**TASK BRIEF**.
An exact, complete copy of the entries below is required, minus any pictures.

**DATA FOR THE TASK**.
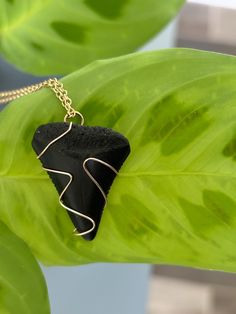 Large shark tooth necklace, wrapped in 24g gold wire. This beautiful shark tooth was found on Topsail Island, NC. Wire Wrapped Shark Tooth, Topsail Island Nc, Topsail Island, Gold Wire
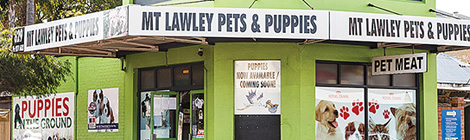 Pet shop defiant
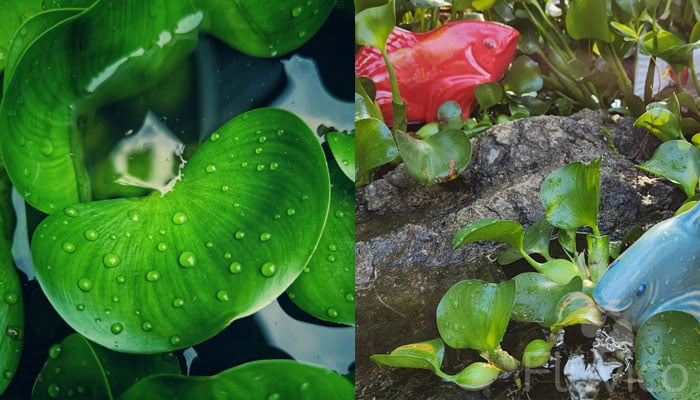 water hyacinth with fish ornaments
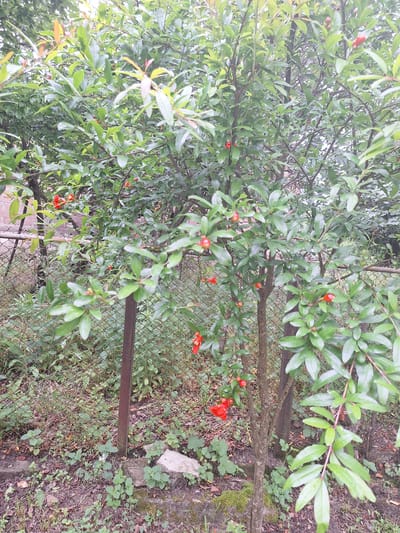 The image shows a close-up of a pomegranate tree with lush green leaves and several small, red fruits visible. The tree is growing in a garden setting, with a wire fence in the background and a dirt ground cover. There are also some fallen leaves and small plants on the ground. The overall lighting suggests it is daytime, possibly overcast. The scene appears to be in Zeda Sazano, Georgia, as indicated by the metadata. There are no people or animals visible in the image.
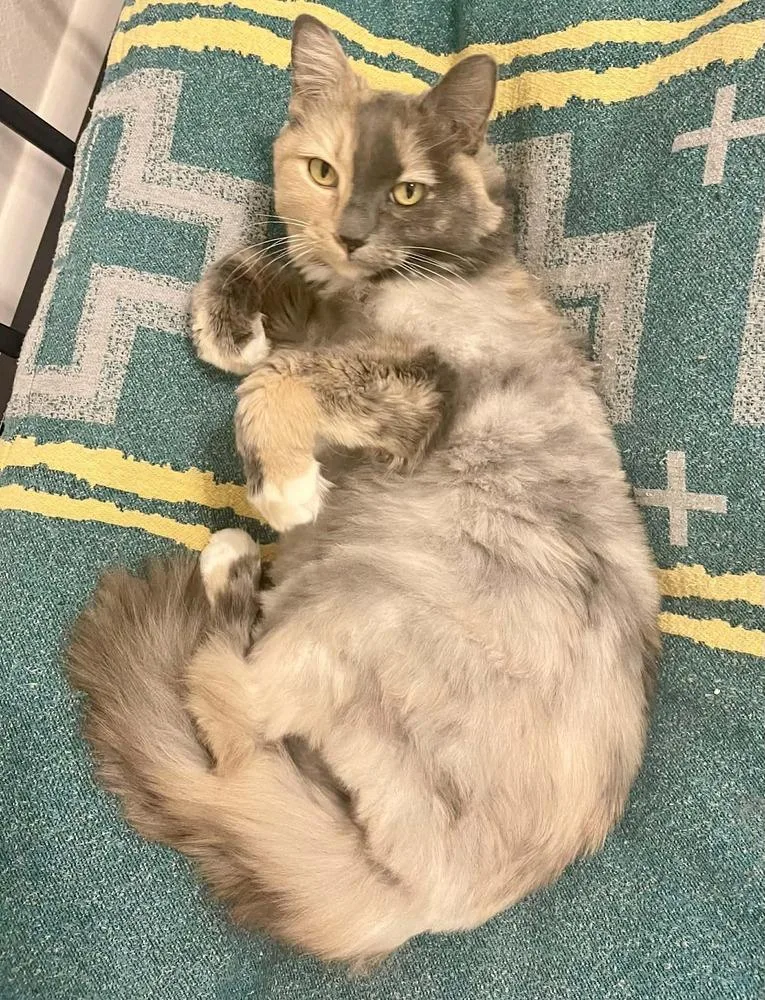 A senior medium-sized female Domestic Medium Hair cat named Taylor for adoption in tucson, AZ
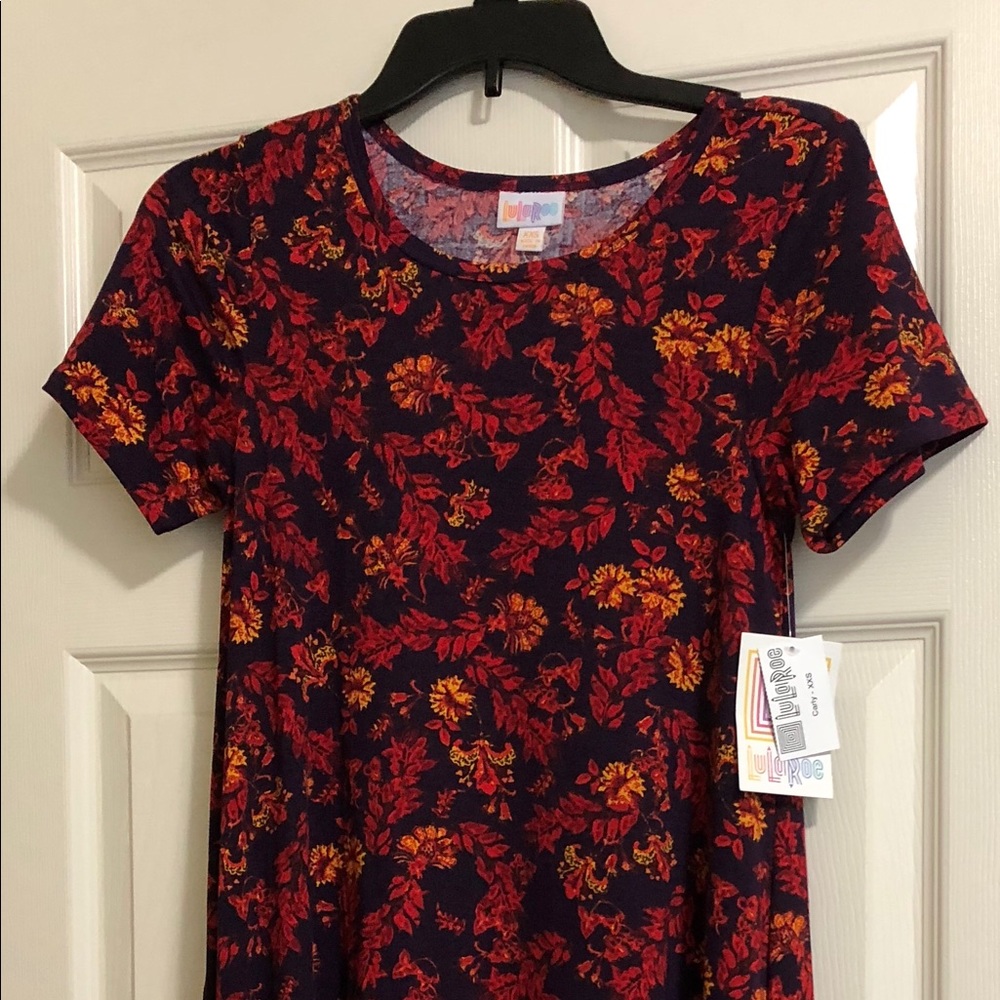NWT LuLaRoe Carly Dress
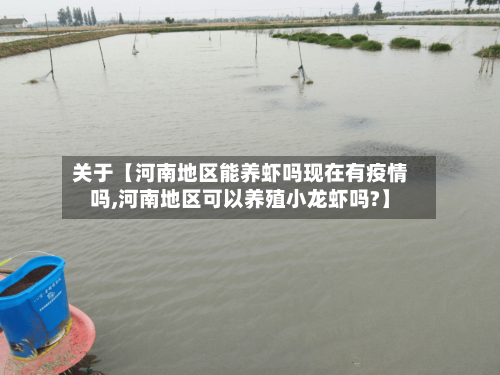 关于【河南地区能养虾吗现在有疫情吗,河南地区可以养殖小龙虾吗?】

**OUTPUT**.
 Large shark tooth necklace, wrapped in 24g gold wire. This beautiful shark tooth was found on Topsail Island, NC. Wire Wrapped Shark Tooth, Topsail Island Nc, Topsail Island, Gold Wire
 Pet shop defiant
 water hyacinth with fish ornaments
 The image shows a close-up of a pomegranate tree with lush green leaves and several small, red fruits visible. The tree is growing in a garden setting, with a wire fence in the background and a dirt ground cover. There are also some fallen leaves and small plants on the ground. The overall lighting suggests it is daytime, possibly overcast. The scene appears to be in Zeda Sazano, Georgia, as indicated by the metadata. There are no people or animals visible in the image.
 A senior medium-sized female Domestic Medium Hair cat named Taylor for adoption in tucson, AZ
NWT LuLaRoe Carly Dress
 关于【河南地区能养虾吗现在有疫情吗,河南地区可以养殖小龙虾吗?】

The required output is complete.